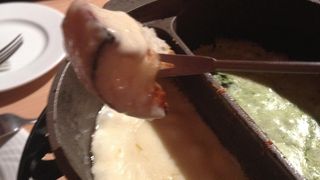 とろ～りのチーズフォンデュ。サクフアのパンをつけて【ピアット　ピエモンテ】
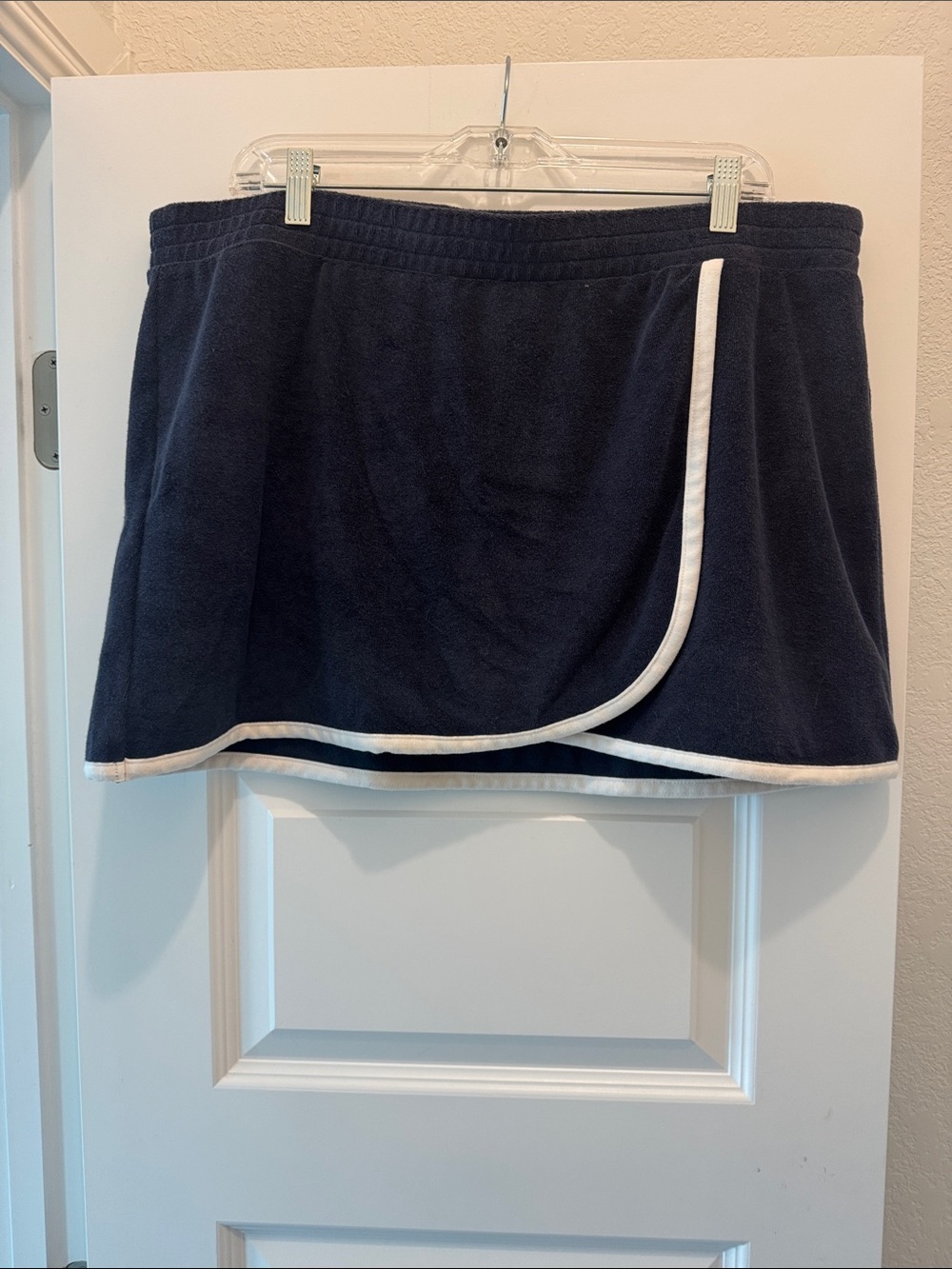 Universal Thread Navy Terry Wrap Skort with White Trim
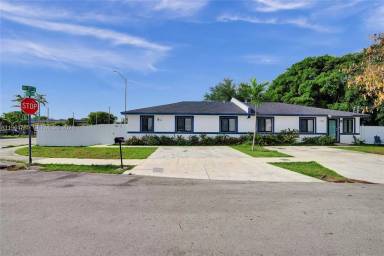 Main picture of 1712 NW 76th Ter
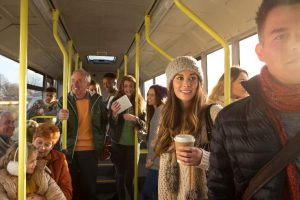 Persone su un autobus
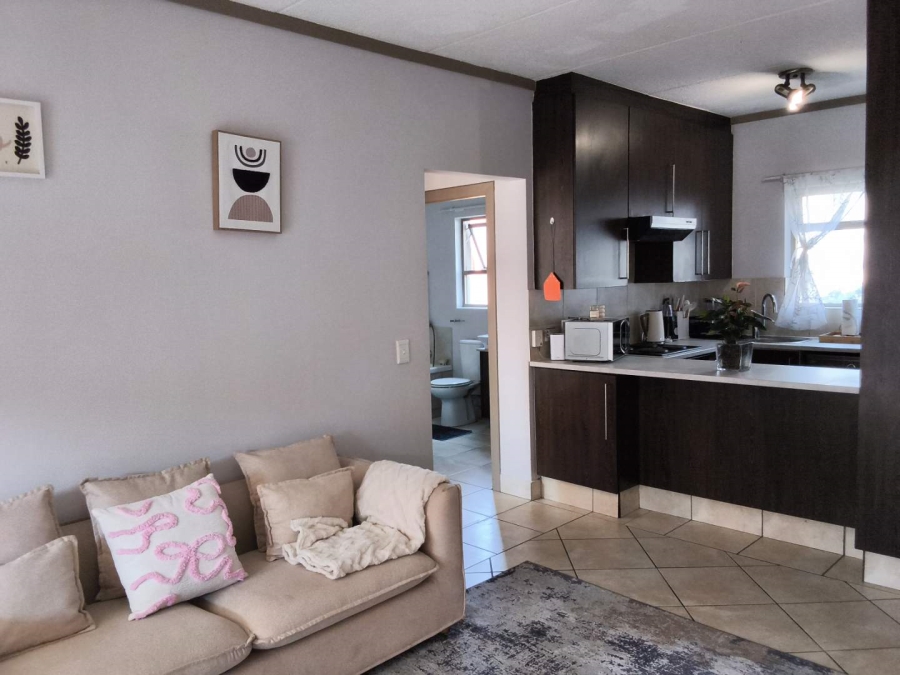 To Let 1 Bedroom Property for Rent in Pineslopes Gauteng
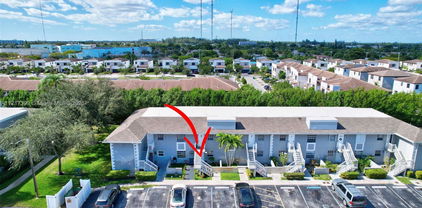 438 Ne 210th Cir Ter Unit #102-4B, Miami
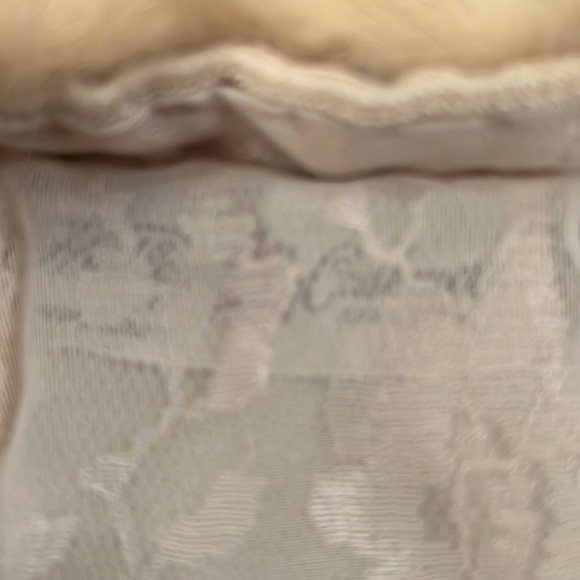 Vintage Hadley Cashmere Sweater with detachable Mink Fur - Picture 6 of 8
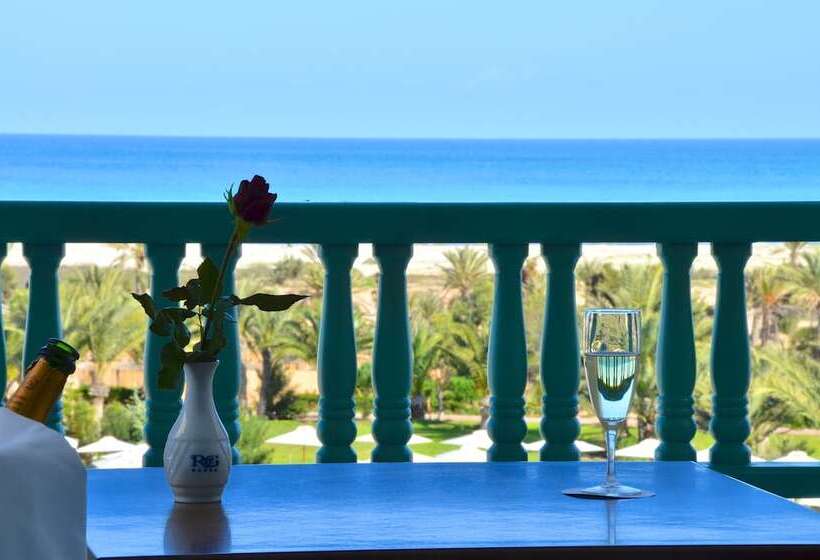 غرفة قياسية مطلّة علي البحر, Royal Garden Palace   Families And Couples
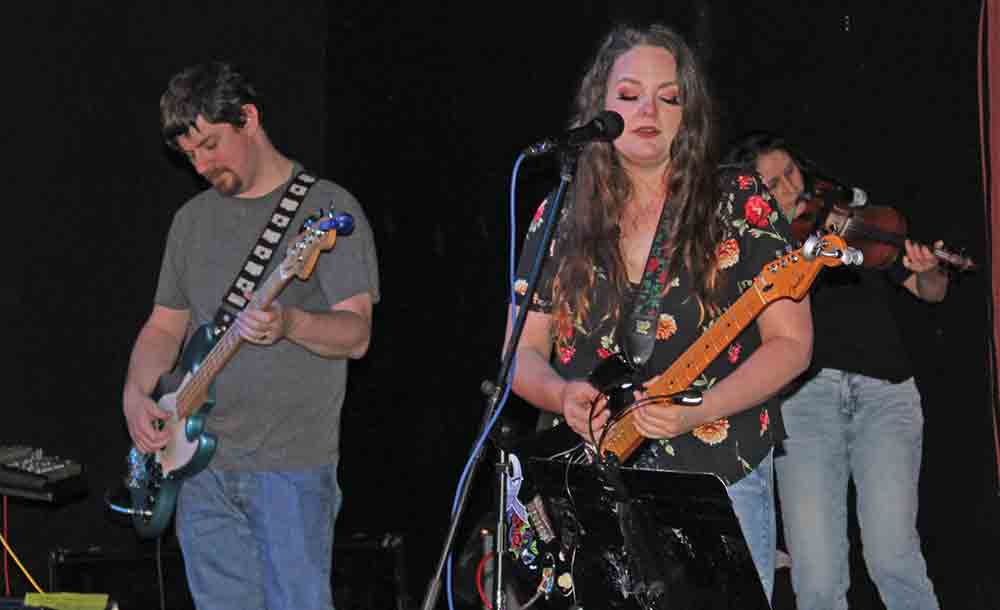 Sarah Fussell and Cory Horton of the Pegwinders lay down a soulful blend of southern-flavored rock and roll during their closing set.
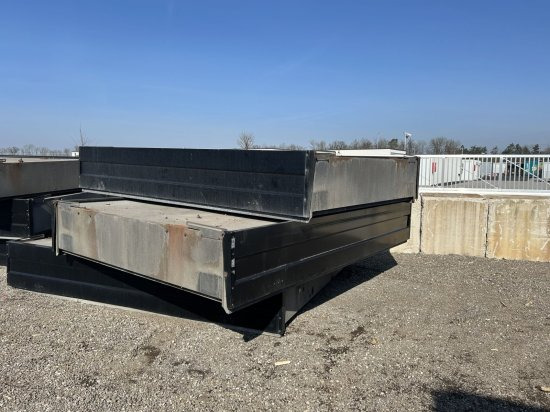 Schwarzmüller 30 Stück Palettenkasten - Semi-reboque de lona: foto 1 Schwarzmüller 30 Stück Palettenkasten - Semi-reboque de lona: foto 1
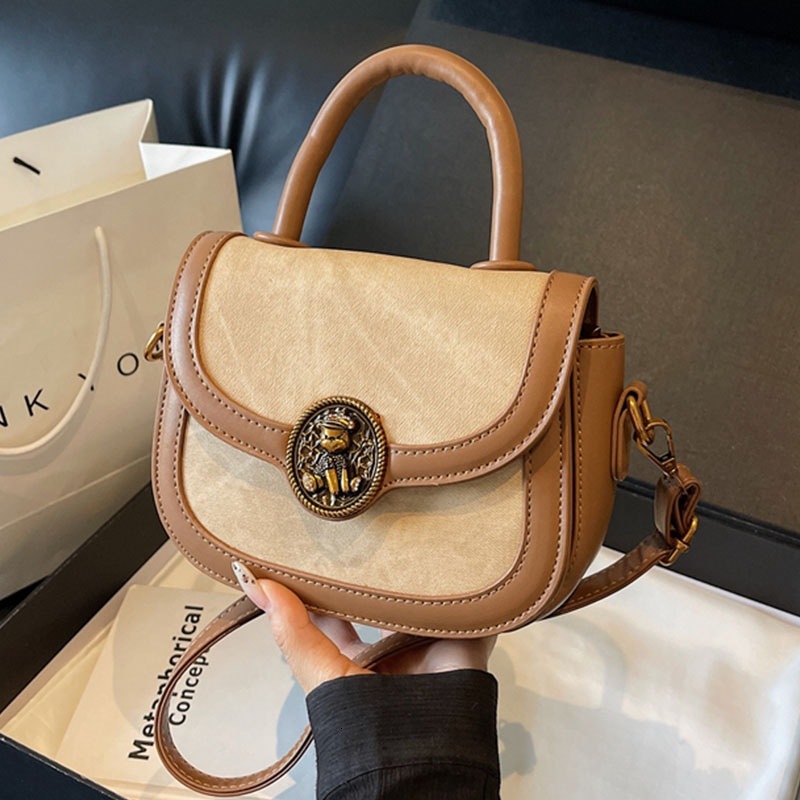 Luxury Brand Designer Bag Women's Bag Handheld Fashion Casual Saddle Bag Winter New Luxury bag Korean Style Versatile Shoulder Bag Niche Women�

___

- [The problem] What you write out is the stretch of entries from the line containing "Vintage Hadley Cashmere" to the line containing "foto 1 Schwarzmüller", word for word, with both end lines and no pictures.

- [Exercise answer]
 Vintage Hadley Cashmere Sweater with detachable Mink Fur - Picture 6 of 8
 غرفة قياسية مطلّة علي البحر, Royal Garden Palace   Families And Couples
 Sarah Fussell and Cory Horton of the Pegwinders lay down a soulful blend of southern-flavored rock and roll during their closing set.
 Schwarzmüller 30 Stück Palettenkasten - Semi-reboque de lona: foto 1 Schwarzmüller 30 Stück Palettenkasten - Semi-reboque de lona: foto 1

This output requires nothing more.